Description of the task:
The lines to copy are those in the records below that hold the word "from".

Data to process:

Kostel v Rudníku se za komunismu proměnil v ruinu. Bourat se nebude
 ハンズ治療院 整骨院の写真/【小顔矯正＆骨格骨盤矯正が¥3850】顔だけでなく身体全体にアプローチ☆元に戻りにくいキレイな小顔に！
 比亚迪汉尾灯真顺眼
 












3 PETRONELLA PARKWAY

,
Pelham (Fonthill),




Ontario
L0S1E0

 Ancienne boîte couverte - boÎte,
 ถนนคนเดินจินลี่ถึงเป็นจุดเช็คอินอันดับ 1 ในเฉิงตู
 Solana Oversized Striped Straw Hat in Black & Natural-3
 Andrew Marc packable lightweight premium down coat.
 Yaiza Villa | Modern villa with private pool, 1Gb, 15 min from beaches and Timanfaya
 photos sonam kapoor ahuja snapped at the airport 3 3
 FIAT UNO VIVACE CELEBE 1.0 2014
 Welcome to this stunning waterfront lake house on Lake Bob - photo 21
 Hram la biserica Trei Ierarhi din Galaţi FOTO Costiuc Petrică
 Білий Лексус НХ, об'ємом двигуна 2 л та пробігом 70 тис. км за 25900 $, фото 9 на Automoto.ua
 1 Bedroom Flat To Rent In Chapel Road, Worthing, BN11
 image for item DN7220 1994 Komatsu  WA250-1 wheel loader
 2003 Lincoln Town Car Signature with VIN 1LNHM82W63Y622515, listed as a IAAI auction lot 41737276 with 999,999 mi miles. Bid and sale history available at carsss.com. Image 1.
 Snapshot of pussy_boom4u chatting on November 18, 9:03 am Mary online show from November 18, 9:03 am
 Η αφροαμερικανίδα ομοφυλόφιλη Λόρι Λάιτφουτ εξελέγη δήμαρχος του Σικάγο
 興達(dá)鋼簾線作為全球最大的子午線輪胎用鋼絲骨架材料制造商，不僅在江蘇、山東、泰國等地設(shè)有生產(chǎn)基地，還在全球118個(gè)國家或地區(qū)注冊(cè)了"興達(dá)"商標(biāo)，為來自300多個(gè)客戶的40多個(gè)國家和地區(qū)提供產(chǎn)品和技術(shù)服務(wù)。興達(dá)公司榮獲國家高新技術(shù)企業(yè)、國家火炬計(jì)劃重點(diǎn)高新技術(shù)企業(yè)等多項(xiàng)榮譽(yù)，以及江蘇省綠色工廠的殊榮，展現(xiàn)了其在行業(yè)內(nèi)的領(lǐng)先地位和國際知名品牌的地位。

Result of the task:
 Yaiza Villa | Modern villa with private pool, 1Gb, 15 min from beaches and Timanfaya
 Snapshot of pussy_boom4u chatting on November 18, 9:03 am Mary online show from November 18, 9:03 am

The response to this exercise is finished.